### WORK REQUEST
Where a line in the records below includes "Used", pull that line out.

(SUPPLIED ENTRIES)

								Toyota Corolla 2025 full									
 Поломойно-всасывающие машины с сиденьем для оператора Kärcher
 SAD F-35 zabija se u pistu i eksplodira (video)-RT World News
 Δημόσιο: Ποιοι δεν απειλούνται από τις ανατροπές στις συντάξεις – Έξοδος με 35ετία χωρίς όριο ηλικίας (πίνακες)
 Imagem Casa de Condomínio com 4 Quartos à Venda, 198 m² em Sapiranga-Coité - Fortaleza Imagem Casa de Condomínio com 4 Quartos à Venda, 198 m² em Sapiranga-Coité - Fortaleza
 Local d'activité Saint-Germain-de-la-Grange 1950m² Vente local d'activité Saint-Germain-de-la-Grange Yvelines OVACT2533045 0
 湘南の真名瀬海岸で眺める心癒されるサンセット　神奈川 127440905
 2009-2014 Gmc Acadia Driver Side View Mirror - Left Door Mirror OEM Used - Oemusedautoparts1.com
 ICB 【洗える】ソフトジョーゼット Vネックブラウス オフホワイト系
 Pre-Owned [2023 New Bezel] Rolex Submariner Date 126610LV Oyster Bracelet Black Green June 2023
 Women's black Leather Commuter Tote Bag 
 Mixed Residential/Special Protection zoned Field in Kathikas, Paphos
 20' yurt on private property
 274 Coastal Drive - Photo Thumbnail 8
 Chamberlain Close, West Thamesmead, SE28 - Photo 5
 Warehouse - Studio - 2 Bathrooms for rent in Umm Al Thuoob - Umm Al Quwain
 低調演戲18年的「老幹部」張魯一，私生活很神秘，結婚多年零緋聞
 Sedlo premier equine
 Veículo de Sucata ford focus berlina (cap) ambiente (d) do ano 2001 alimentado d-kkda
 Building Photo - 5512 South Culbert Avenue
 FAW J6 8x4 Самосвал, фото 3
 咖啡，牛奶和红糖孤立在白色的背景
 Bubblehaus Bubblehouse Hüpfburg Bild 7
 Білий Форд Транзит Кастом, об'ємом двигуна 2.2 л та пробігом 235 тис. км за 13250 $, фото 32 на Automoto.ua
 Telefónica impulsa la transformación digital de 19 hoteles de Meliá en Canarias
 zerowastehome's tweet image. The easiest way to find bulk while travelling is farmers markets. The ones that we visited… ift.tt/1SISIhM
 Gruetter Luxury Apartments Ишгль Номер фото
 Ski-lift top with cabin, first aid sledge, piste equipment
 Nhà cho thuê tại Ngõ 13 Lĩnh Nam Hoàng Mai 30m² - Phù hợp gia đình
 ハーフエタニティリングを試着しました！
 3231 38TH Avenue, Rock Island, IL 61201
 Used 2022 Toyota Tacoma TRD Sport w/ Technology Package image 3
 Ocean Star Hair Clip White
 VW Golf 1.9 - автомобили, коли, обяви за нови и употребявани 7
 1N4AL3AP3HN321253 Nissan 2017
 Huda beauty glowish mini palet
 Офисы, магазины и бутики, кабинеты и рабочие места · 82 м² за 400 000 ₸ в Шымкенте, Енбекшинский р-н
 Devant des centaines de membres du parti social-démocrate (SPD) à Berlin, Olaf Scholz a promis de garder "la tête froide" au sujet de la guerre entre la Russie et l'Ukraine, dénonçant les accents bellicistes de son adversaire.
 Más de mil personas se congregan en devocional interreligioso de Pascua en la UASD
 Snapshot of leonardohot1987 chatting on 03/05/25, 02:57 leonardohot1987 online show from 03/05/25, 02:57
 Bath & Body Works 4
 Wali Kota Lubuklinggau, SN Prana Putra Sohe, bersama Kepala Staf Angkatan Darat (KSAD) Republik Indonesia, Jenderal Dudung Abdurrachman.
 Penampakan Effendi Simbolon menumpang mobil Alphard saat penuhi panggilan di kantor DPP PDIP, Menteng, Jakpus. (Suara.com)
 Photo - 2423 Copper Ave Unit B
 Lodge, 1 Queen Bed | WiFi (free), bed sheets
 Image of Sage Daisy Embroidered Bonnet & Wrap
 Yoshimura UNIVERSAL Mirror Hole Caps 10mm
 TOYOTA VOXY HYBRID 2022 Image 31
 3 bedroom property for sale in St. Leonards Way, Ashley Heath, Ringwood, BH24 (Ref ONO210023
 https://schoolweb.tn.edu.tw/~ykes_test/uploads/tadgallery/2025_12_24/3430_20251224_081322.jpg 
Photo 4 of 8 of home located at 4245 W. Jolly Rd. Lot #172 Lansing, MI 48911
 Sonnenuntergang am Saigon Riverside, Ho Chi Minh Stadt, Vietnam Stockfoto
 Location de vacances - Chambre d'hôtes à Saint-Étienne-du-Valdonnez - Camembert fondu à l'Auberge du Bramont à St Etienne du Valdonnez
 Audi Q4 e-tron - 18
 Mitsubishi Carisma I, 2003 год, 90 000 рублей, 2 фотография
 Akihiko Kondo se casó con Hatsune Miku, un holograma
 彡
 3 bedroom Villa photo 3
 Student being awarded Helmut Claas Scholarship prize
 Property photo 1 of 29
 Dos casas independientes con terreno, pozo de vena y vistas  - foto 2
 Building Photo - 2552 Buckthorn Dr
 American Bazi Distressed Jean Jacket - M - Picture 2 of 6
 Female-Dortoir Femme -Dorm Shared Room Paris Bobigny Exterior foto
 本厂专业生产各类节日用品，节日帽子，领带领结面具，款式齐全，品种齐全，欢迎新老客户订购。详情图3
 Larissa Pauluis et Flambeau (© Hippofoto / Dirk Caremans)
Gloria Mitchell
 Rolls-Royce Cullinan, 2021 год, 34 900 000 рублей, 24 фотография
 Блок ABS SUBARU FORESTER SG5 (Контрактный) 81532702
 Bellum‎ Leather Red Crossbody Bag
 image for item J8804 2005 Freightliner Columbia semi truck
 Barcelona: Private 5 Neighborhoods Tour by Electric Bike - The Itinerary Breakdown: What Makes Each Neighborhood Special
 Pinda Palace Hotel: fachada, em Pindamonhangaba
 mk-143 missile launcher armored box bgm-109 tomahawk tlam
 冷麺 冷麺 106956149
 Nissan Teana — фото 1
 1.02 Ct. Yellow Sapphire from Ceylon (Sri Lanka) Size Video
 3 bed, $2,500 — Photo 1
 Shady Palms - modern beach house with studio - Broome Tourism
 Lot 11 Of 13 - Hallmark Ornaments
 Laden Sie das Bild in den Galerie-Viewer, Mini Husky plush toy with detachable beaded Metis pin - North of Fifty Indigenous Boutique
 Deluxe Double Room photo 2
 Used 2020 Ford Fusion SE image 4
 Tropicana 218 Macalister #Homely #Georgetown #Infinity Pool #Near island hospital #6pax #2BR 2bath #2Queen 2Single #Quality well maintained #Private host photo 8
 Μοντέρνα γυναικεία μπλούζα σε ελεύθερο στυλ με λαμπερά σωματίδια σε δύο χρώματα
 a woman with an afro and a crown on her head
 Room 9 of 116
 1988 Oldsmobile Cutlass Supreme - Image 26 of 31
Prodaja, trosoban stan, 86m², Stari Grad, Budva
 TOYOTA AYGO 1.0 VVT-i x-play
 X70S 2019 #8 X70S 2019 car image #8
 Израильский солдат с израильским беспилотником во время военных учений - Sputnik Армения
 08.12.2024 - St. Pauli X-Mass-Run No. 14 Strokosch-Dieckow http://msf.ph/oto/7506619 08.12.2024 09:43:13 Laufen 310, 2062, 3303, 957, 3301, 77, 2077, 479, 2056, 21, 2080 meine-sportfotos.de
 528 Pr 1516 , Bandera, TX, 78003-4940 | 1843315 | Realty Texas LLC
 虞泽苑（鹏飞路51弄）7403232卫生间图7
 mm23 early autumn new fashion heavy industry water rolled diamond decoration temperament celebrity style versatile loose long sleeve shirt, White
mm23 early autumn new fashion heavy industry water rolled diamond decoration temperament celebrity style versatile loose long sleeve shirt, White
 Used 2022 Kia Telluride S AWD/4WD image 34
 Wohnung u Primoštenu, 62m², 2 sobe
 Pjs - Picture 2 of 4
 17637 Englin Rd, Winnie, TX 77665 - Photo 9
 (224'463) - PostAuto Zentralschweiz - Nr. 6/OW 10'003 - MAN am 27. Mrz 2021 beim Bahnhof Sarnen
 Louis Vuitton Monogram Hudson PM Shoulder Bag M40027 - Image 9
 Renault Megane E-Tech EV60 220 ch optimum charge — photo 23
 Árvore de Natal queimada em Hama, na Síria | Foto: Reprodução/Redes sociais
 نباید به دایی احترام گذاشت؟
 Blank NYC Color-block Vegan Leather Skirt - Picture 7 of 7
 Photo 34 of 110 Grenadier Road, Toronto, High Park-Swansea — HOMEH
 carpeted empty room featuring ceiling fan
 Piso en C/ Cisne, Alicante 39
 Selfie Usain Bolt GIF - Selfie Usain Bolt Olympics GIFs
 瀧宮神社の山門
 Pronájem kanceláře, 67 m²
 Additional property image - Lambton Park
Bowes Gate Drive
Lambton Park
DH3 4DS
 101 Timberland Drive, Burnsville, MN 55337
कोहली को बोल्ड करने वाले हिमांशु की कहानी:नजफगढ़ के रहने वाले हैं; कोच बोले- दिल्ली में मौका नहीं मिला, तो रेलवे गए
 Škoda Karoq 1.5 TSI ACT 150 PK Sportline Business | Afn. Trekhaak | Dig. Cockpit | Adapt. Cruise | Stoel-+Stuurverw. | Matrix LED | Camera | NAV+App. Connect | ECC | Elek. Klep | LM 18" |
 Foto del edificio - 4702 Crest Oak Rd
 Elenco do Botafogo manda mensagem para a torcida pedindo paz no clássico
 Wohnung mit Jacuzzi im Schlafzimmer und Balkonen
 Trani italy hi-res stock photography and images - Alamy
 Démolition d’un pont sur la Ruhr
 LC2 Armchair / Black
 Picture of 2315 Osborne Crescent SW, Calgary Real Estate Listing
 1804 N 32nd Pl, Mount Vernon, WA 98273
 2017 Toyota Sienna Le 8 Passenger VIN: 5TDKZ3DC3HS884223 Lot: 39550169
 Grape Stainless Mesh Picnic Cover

(End SUPPLIED ENTRIES)

### REPLY
 2009-2014 Gmc Acadia Driver Side View Mirror - Left Door Mirror OEM Used - Oemusedautoparts1.com
 Used 2022 Toyota Tacoma TRD Sport w/ Technology Package image 3
 Used 2020 Ford Fusion SE image 4
 Used 2022 Kia Telluride S AWD/4WD image 34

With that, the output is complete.